ASimple cubic — all hkl reflections are allowed
BBody-centered cubic — only reflections where h+k+l is even are allowed
CFace-centered cubic — only reflections where h,k,l are all odd or all even are allowed
DHexagonal close-packed — peak positions follow no simple selection rule
The ratios of sin^2(theta) for these peaks follow the sequence 3:4:8:11, which corresponds to the FCC allowed reflections (111), (200), (220), (311). In FCC, only planes where h,k,l are all odd or all even produce diffraction — the face-centering causes systematic absences for mixed indices. This pattern matches aluminum (a = 4.05 Angstroms). The ability to distinguish BCC from FCC from the pattern of present and absent reflections is one of the most basic applications of XRPD.
Question 2 True / False
The width of a diffraction peak increases as crystallite size decreases, according to the Scherrer equation.
TTrue
FFalse
Answer: True
The Scherrer equation relates peak broadening to crystallite size: t = K-lambda / (B cos(theta)), where t is crystallite size, B is the peak width at half maximum (in radians), and K is a shape factor near 0.9. Smaller crystallites have fewer lattice planes contributing to diffraction, which reduces the destructive interference that would otherwise sharpen the peak. Below about 100 nm, broadening becomes measurable; below 5 nm, peaks may be so broad they merge into the background. This makes peak width analysis a routine method for estimating nanoparticle size.
Question 3 Short Answer
Why does a powder sample produce a complete diffraction pattern while a single crystal at a fixed orientation typically shows only a few reflections?
Think about your answer, then reveal below.

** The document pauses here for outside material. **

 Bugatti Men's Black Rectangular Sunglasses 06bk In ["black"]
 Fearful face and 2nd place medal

Model answer: A powder contains millions of tiny crystallites oriented randomly in all directions. For every set of lattice planes (hkl), some crystallites will be oriented at exactly the Bragg angle relative to the incident beam. This means all allowed reflections are observed simultaneously. A single crystal has only one orientation, so only the few planes that happen to satisfy Bragg's law at that orientation will diffract. To get a complete pattern from a single crystal, you must rotate it through many orientations.

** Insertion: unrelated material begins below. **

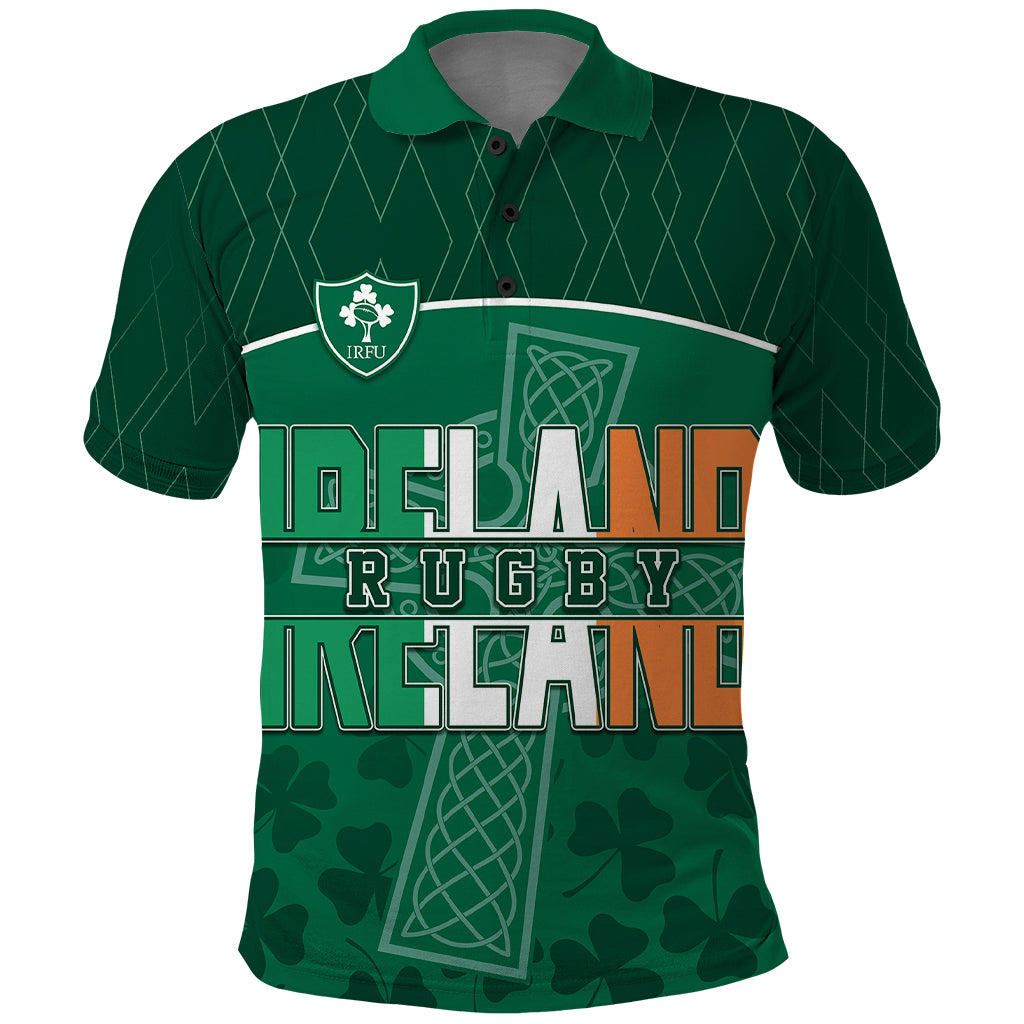Personalised Ireland Rugby 2023 Polo Shirt Celtic Cross Mix Shamrocks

This is the fundamental advantage of powder diffraction for routine phase identification — no special sample preparation or orientation is needed. The disadvantage is that 3D structural information is compressed into a 1D pattern (intensity vs. 2-theta), which causes peak overlap and makes structure solution harder than with single-crystal data. Rietveld refinement addresses this by fitting the entire pattern simultaneously using a structural model, extracting maximum information from the overlapping peaks.